Natalie Denburg, PhD
Natalie Denburg, Ph.D., is an Assistant Professor of Neurology and Neuroscience at the University of Iowa Carver College of Medicine. Her research interests involve the neural basis of decision-making abilities in older adults; consumer, medical and financial decision making; neuroepidemiology; social and affective neuroscience; and cancer survivorship.
Matthew Rizzo, MD
Matthew Rizzo, MD, directs the University of Iowa (UI) Aging Mind and Brain Initiative. He is a professor of Neurology, and holds appointments in the Department of Mechanical and Industrial Engineering and the Public Policy Center at the UI. In Neurology he is Vice-Chair for Translational and Clinical Research, Director of the Division of Neuroergonomics and its laboratories (including state-of-the-art driving simulators and instrumented vehicles), a senior member of the Division of Behavioral Neurology and Cognitive Neuroscience, and a senior attending physician in the Memory Disorders Clinic. He is a graduate of Columbia University in New York City and the Johns Hopkins University School of Medicine. He has participated in many professional organizations and committees, including the US Federal Drug Administration’s Panel for Peripheral and Central Nervous System Drugs and the National Academy of Sciences Board on Human-Systems Integration.
Milan Sonka, PhD
Dr. Milan Sonka is head of the Iowa Institute for Biomedical Imaging (IIBI), which was formed in 2007 as an acknowledgment of a long history of interdisciplinary collaboration at the University of Iowa. The formation of the interdisciplinary institute reflects a strong institutional support to biomedical imaging and image analysis as well as to translational medical research. The IIBI brings together more than 60 faculty members (out of which over 45 hold faculty positions in the Carver College of Medicine, 15 hold faculty positions in the College of Engineering with a primary expertise in biomedical image analysis) and over 60 graduate students and postdoctoral fellows. The mission of IIBI is to foster efficient and cooperative interdisciplinary and cross-college research and discovery in biomedical imaging, and to improve training and education within the broader community at the University of Iowa. The Institute is finding its new home in two stories of a 100,000 sq.ft. University of Iowa Pappajohn Bioengineering Discovery Building that will be completed in June of 2014 – the floor plan and photographs are provided below.
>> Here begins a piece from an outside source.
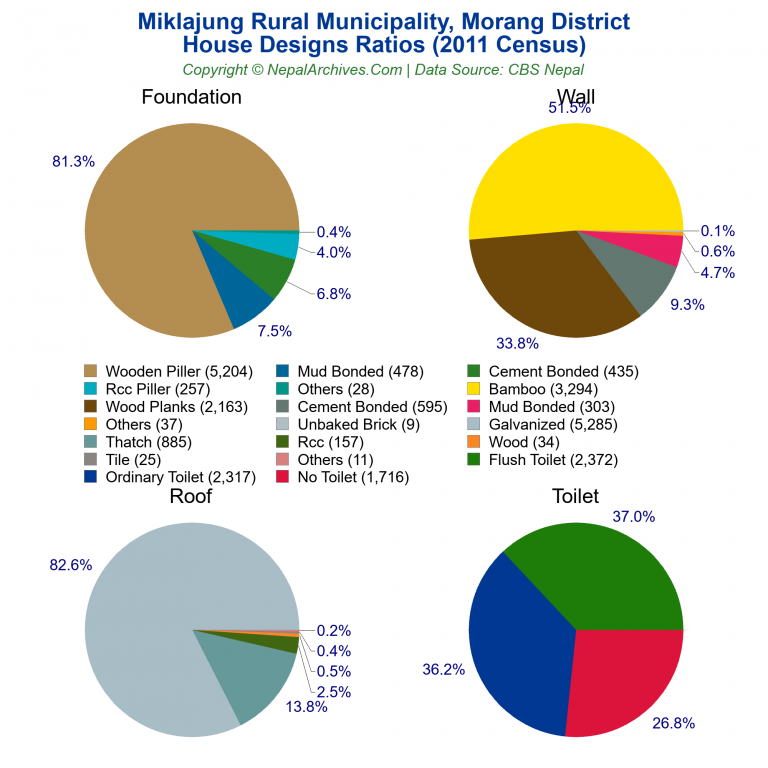 House Design Ratios Pie Charts of Miklajung Rural Municipality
The IIBI space in this new building (30,897 sq.ft.) are devoted to human, large, and small animal imaging, image analysis, computational support, visualization, and biostatistical support. The IIBI space in the new building will become a new integrated home for a large number of image analysis projects that are currently ongoing at the University of Iowa and will therefore further enhance close interaction within the University of Iowa biomedical imaging community.
Laura Ponto, PhD, RPh
Dr. Laura Ponto, PhD, RPh, Associate Professor, Department of Radiology, is one of the founding faculty members of the University of Iowa Positron Emission Tomography (PET) Imaging Center and is an expert in PET and pharmacoimaging of both humans and small animals. She has extensive experience in the imaging and analysis of brain metabolism ([18F]fluorodeoxyglucose (FDG)), blood flow (quantitative [15O]water) and amyloid burden ([11C]PIB and [18F]florbetapir) studies and tracer kinetic modeling.